Requirement
Pictures within the data are to be left out; everything else must be reproduced exactly.

Data block
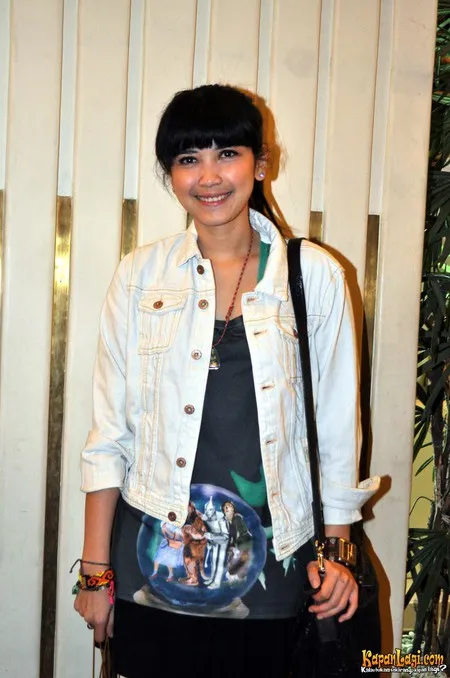 Foto Dinda Kanyadewi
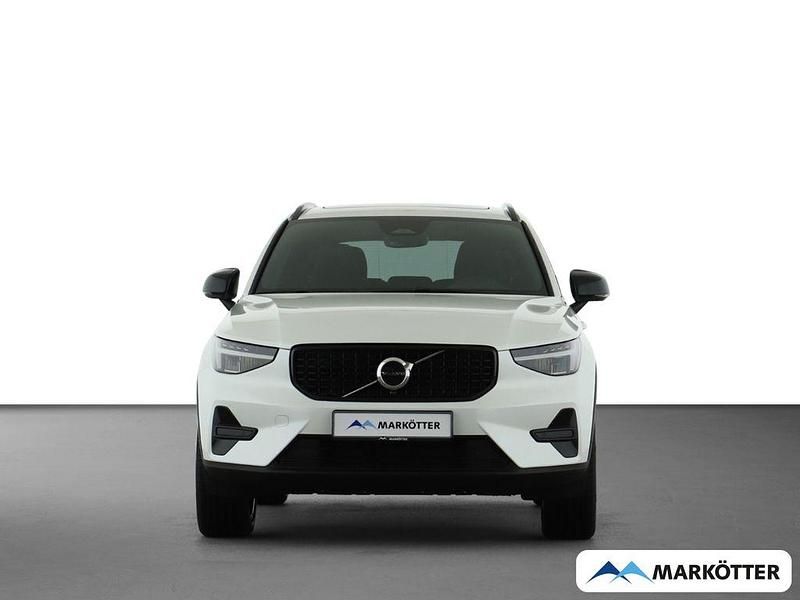 Neu Volvo XC40 Plus 197 PS (144 kW) 2026 Weiss SUV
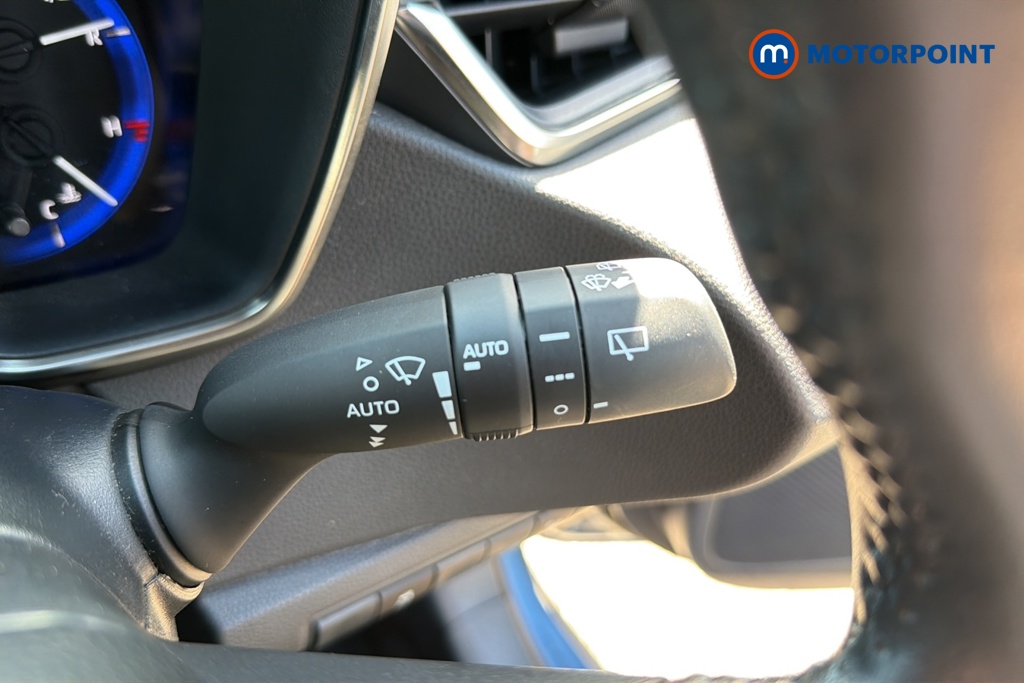 Toyota Corolla Excel Automatic Petrol-Electric Hybrid Hatchback - Stock Number (1646509) - 6th supplementary image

Output below
 Foto Dinda Kanyadewi
 Neu Volvo XC40 Plus 197 PS (144 kW) 2026 Weiss SUV
 Toyota Corolla Excel Automatic Petrol-Electric Hybrid Hatchback - Stock Number (1646509) - 6th supplementary image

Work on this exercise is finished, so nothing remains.